Consider your vision. Wozniak recommends thinking about the big picture. What do you want your life to look like? What do you want a relationship to look like? “The post-traumatic growth trajectory is all about not being in the reactive survivor mode,” she says. “Instead, it’s about developing a way we can thrive. It’s about being very thoughtful about who we want to become, where we want to go and how we can get there.”

Take up more space. Don’t be afraid to take up physical space, Wozniak suggests. Carry your head high, roll your shoulders back, look people in the eye. Try not to shrink yourself physically in an attempt to not be seen or heard. You have as much right as anyone else to take up space in the world, plus, practicing confident body language will help you feel more confident. You can find more quick tips for displaying confident body language here.

Start using more “I” statements. “Using ‘I’ statements is empowering,” Wozniak says. So, instead of requests like “Could I maybe have a cup of coffee?”, opt for a more straightforward option: “I would like a cup of coffee.”

“When women begin to use ‘I’ statements, they reclaim themselves as full-fledged human beings who deserve to be here,” she says.
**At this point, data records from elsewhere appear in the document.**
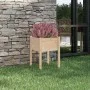 Pflanzgefäß aus massivem Kiefernholz, 50 x 50 x 70 cm von vidaXL, Töpfe und Pflanzgefäße - Ref: Foro24-810799, Preis: 32,11 €...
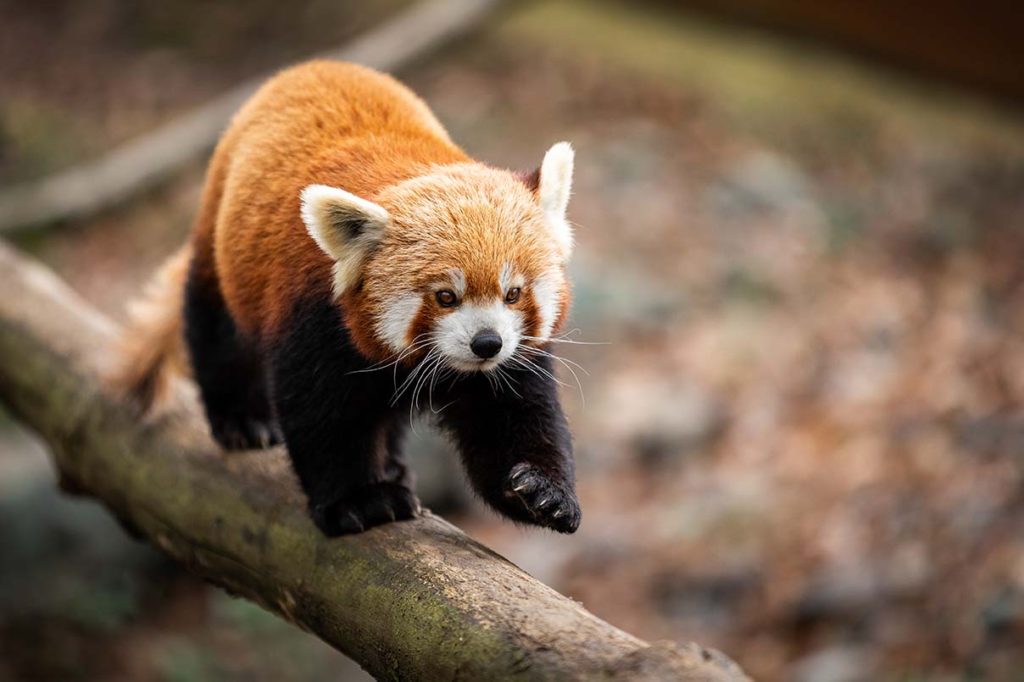 Red panda walking on tree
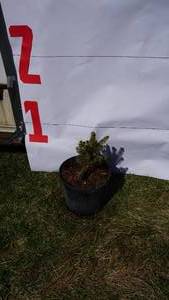 Meyer Spruce Bare Root Potted Tree -Reference Photos for Size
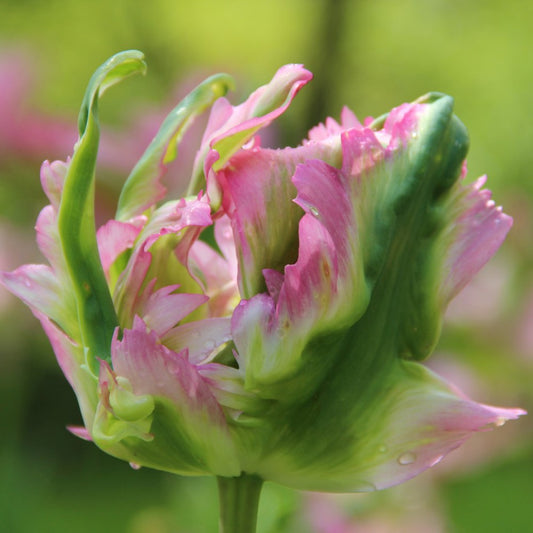 Tulpes 'Green Wave'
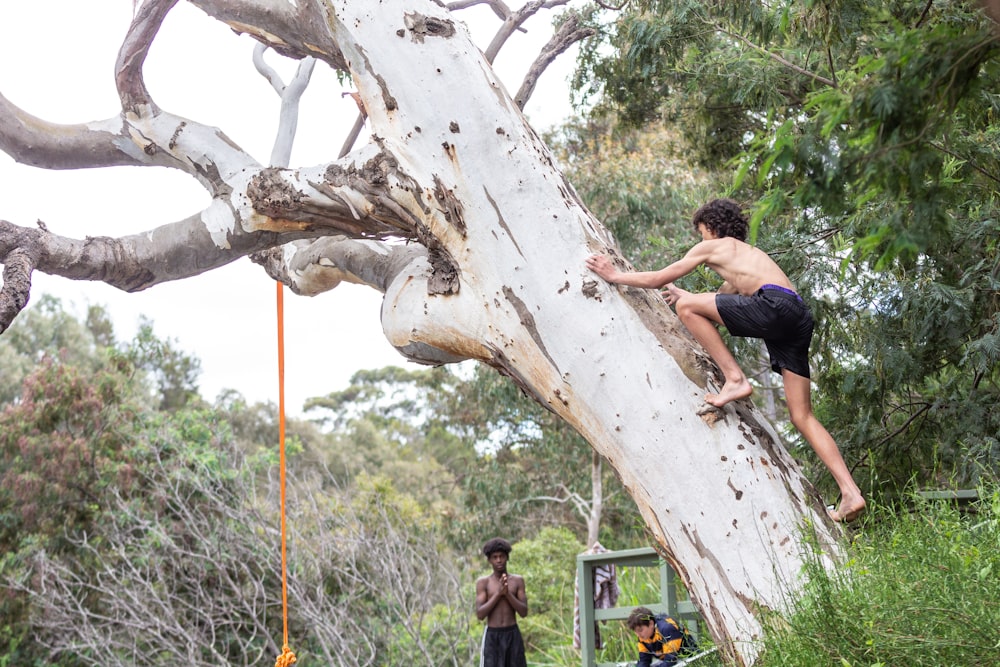 a young boy climbing up a tree in a park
Practice speaking up. With your partner, at the coffee shop, in a classroom, at a store—there are endless places and situations to practice speaking up. Exercise your voice. Ask for what you want. One place to practice, Wozniak suggests, is as an advocate for other women. Participate in events at your state legislature, or volunteer at a shelter. “Any kind of advocacy can be really helpful in reclaiming your voice,” she says.

Find what makes you happy. “When women first leave, they’re just trying to survive,” Wozniak says. “It’s important to move past survival and focus on flourishing.” So, find the things that give you joy.

“We need to be in a joy-filled space to be able to heal,” she says.